:: EXERCISE BRIEF ::
Please print the records below exactly as they are written.

:: DATASET RECORDS ::
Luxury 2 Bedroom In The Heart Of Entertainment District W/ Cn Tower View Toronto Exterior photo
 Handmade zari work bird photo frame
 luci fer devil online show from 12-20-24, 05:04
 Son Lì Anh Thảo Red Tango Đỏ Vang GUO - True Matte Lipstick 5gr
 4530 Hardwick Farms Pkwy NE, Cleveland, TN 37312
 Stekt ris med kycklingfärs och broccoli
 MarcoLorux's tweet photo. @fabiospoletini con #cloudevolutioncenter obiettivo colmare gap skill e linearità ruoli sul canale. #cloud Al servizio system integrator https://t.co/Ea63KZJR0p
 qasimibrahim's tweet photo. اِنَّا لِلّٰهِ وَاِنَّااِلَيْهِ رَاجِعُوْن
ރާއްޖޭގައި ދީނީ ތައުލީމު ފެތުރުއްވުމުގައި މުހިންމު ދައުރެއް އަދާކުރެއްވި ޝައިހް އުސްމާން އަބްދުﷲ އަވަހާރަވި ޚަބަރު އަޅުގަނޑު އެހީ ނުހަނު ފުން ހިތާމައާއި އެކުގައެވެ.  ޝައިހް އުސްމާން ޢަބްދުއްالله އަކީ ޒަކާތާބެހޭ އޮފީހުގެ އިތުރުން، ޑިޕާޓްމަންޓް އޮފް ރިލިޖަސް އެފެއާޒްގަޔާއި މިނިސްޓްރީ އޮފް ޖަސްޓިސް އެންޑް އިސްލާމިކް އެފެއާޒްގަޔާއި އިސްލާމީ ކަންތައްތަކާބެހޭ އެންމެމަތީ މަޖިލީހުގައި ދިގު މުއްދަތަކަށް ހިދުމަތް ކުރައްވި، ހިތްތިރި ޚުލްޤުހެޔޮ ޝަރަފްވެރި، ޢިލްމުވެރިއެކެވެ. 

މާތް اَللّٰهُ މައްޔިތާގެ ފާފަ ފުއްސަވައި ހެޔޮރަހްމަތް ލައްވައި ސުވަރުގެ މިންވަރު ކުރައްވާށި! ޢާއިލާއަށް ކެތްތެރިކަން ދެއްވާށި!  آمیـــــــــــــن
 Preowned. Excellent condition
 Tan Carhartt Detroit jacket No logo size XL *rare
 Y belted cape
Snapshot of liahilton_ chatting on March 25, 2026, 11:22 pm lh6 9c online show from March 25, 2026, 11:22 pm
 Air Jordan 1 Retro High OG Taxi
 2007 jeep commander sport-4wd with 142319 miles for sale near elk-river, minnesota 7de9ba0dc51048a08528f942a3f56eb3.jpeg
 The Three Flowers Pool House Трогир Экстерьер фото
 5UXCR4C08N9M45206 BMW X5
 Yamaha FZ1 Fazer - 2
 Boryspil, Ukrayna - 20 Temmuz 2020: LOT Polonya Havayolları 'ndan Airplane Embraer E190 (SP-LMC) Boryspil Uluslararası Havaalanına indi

:: REPLY ::
Luxury 2 Bedroom In The Heart Of Entertainment District W/ Cn Tower View Toronto Exterior photo
 Handmade zari work bird photo frame
 luci fer devil online show from 12-20-24, 05:04
 Son Lì Anh Thảo Red Tango Đỏ Vang GUO - True Matte Lipstick 5gr
 4530 Hardwick Farms Pkwy NE, Cleveland, TN 37312
 Stekt ris med kycklingfärs och broccoli
 MarcoLorux's tweet photo. @fabiospoletini con #cloudevolutioncenter obiettivo colmare gap skill e linearità ruoli sul canale. #cloud Al servizio system integrator https://t.co/Ea63KZJR0p
 qasimibrahim's tweet photo. اِنَّا لِلّٰهِ وَاِنَّااِلَيْهِ رَاجِعُوْن
ރާއްޖޭގައި ދީނީ ތައުލީމު ފެތުރުއްވުމުގައި މުހިންމު ދައުރެއް އަދާކުރެއްވި ޝައިހް އުސްމާން އަބްދުﷲ އަވަހާރަވި ޚަބަރު އަޅުގަނޑު އެހީ ނުހަނު ފުން ހިތާމައާއި އެކުގައެވެ.  ޝައިހް އުސްމާން ޢަބްދުއްالله އަކީ ޒަކާތާބެހޭ އޮފީހުގެ އިތުރުން، ޑިޕާޓްމަންޓް އޮފް ރިލިޖަސް އެފެއާޒްގަޔާއި މިނިސްޓްރީ އޮފް ޖަސްޓިސް އެންޑް އިސްލާމިކް އެފެއާޒްގަޔާއި އިސްލާމީ ކަންތައްތަކާބެހޭ އެންމެމަތީ މަޖިލީހުގައި ދިގު މުއްދަތަކަށް ހިދުމަތް ކުރައްވި، ހިތްތިރި ޚުލްޤުހެޔޮ ޝަރަފްވެރި، ޢިލްމުވެރިއެކެވެ. 

މާތް اَللّٰهُ މައްޔިތާގެ ފާފަ ފުއްސަވައި ހެޔޮރަހްމަތް ލައްވައި ސުވަރުގެ މިންވަރު ކުރައްވާށި! ޢާއިލާއަށް ކެތްތެރިކަން ދެއްވާށި!  آمیـــــــــــــن
 Preowned. Excellent condition
 Tan Carhartt Detroit jacket No logo size XL *rare
 Y belted cape
Snapshot of liahilton_ chatting on March 25, 2026, 11:22 pm lh6 9c online show from March 25, 2026, 11:22 pm
 Air Jordan 1 Retro High OG Taxi
 2007 jeep commander sport-4wd with 142319 miles for sale near elk-river, minnesota 7de9ba0dc51048a08528f942a3f56eb3.jpeg
 The Three Flowers Pool House Трогир Экстерьер фото
 5UXCR4C08N9M45206 BMW X5
 Yamaha FZ1 Fazer - 2
 Boryspil, Ukrayna - 20 Temmuz 2020: LOT Polonya Havayolları 'ndan Airplane Embraer E190 (SP-LMC) Boryspil Uluslararası Havaalanına indi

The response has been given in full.